• [Exercise]: Scan the records for the string "portrait" and state how many lines contain it, using the number alone.

——

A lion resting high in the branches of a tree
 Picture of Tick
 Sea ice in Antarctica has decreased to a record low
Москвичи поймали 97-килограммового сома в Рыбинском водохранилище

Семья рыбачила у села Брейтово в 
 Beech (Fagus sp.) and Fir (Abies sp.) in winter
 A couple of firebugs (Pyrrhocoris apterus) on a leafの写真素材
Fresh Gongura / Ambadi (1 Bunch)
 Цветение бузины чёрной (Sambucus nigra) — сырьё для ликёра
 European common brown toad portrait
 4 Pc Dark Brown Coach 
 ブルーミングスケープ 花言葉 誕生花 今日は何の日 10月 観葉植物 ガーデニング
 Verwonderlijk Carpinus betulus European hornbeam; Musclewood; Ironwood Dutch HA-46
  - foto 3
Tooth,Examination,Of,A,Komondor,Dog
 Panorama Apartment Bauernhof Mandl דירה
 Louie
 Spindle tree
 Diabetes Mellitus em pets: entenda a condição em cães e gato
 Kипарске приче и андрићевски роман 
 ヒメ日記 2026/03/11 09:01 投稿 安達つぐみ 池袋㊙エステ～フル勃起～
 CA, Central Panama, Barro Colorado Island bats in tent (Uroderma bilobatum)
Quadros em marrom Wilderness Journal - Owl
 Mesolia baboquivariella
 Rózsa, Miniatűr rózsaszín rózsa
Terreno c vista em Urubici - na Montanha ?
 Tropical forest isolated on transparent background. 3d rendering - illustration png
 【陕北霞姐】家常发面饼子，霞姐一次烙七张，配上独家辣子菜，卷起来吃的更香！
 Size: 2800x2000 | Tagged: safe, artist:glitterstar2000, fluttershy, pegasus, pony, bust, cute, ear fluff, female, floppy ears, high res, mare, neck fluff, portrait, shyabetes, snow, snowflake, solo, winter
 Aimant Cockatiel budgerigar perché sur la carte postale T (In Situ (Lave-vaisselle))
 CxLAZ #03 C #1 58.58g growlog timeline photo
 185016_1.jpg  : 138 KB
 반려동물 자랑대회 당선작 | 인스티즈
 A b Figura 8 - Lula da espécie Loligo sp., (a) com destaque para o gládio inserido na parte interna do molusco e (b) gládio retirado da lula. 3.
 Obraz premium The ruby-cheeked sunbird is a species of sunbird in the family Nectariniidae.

——

• [Answer]: 2